--- EXERCISE DATA Enclosed Below ---

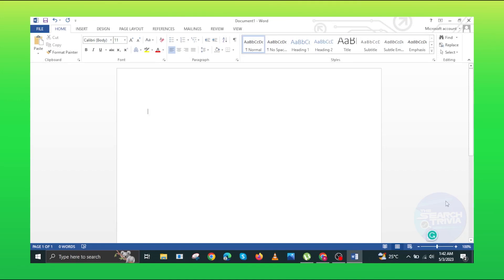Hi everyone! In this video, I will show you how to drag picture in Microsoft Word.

--- End of Enclosed EXERCISE DATA ---
--- EXERCISE DATA Enclosed Below ---

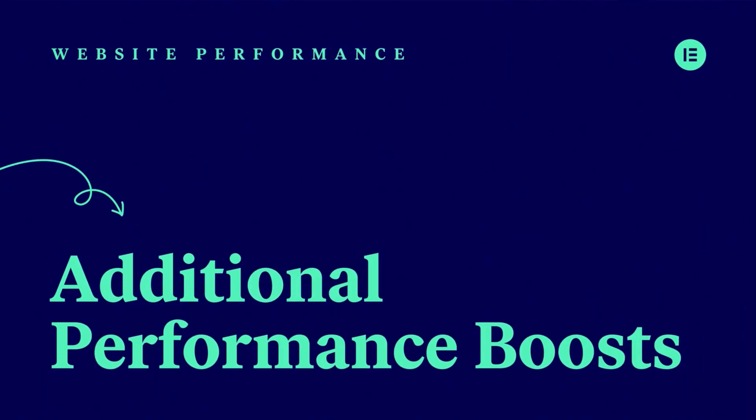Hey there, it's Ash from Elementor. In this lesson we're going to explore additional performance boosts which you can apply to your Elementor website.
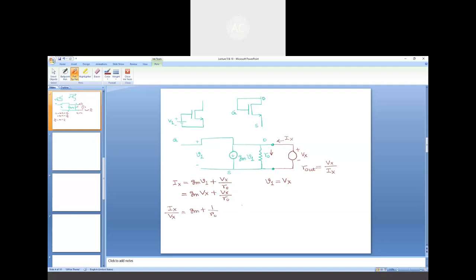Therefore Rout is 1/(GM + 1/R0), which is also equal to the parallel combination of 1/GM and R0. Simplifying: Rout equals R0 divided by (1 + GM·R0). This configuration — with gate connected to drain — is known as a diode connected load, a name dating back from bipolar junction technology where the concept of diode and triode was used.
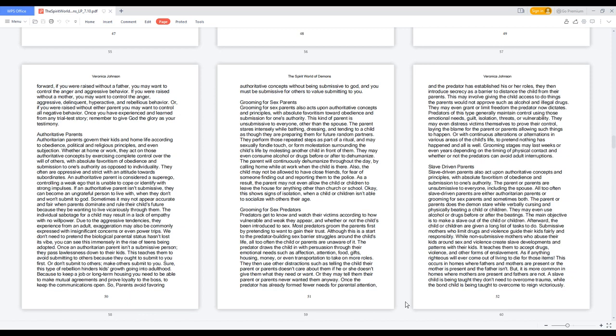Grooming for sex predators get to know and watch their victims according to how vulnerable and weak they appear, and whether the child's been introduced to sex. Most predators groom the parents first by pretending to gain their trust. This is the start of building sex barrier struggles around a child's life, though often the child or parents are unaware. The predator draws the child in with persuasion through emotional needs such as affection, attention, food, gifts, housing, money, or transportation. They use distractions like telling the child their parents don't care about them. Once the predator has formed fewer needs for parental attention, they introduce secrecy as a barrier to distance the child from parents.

--- End of Enclosed EXERCISE DATA ---

An exact transcription is needed of the lines from the one with "Hey there, it's" to the one with "Grooming for sex" above, both ends included, with pictures left out.

■ SOLUTION TO THIS TASK ■
Hey there, it's Ash from Elementor. In this lesson we're going to explore additional performance boosts which you can apply to your Elementor website.
Therefore Rout is 1/(GM + 1/R0), which is also equal to the parallel combination of 1/GM and R0. Simplifying: Rout equals R0 divided by (1 + GM·R0). This configuration — with gate connected to drain — is known as a diode connected load, a name dating back from bipolar junction technology where the concept of diode and triode was used.
Grooming for sex predators get to know and watch their victims according to how vulnerable and weak they appear, and whether the child's been introduced to sex. Most predators groom the parents first by pretending to gain their trust. This is the start of building sex barrier struggles around a child's life, though often the child or parents are unaware. The predator draws the child in with persuasion through emotional needs such as affection, attention, food, gifts, housing, money, or transportation. They use distractions like telling the child their parents don't care about them. Once the predator has formed fewer needs for parental attention, they introduce secrecy as a barrier to distance the child from parents.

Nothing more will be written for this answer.